> _Exercise instructions_
When you reach the line containing "aerial view slow" in the entries below, begin reproducing lines exactly, and stop once the line containing "X0000059850203200510241513" is done.

> _Records to use_
┄┄┄┄┄┄

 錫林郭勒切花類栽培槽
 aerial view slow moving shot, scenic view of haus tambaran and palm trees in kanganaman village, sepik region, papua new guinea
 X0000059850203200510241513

┄┄┄┄┄┄

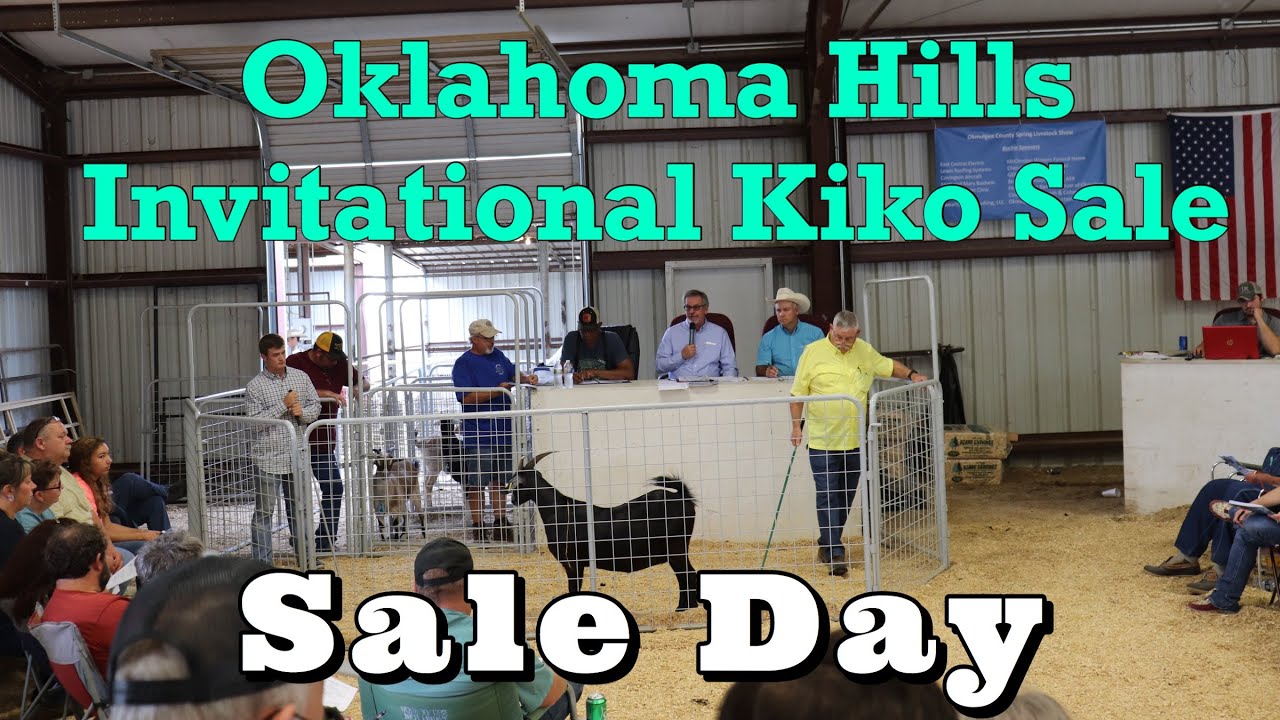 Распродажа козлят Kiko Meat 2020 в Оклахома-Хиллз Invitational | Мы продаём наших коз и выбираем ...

┄┄┄┄┄┄

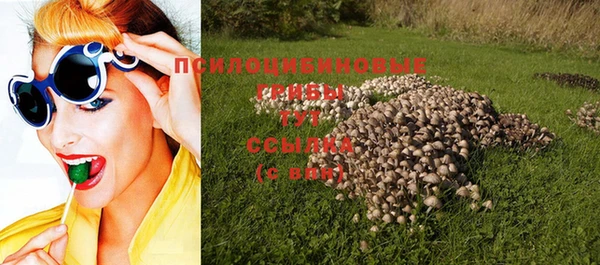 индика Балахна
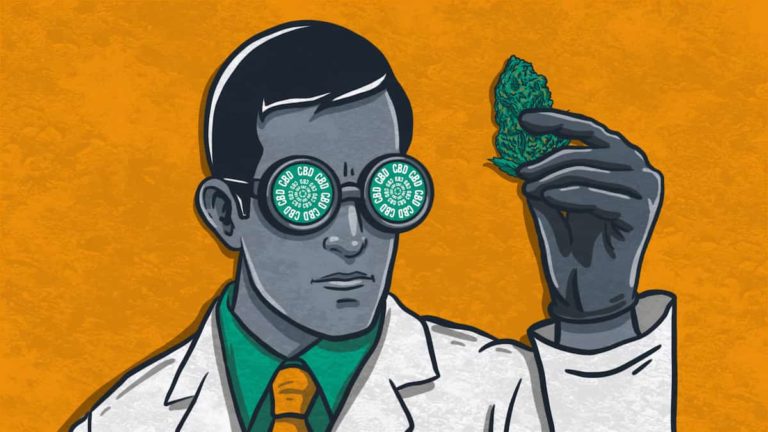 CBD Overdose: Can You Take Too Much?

┄┄┄┄┄┄

> _Task output_
 aerial view slow moving shot, scenic view of haus tambaran and palm trees in kanganaman village, sepik region, papua new guinea
 X0000059850203200510241513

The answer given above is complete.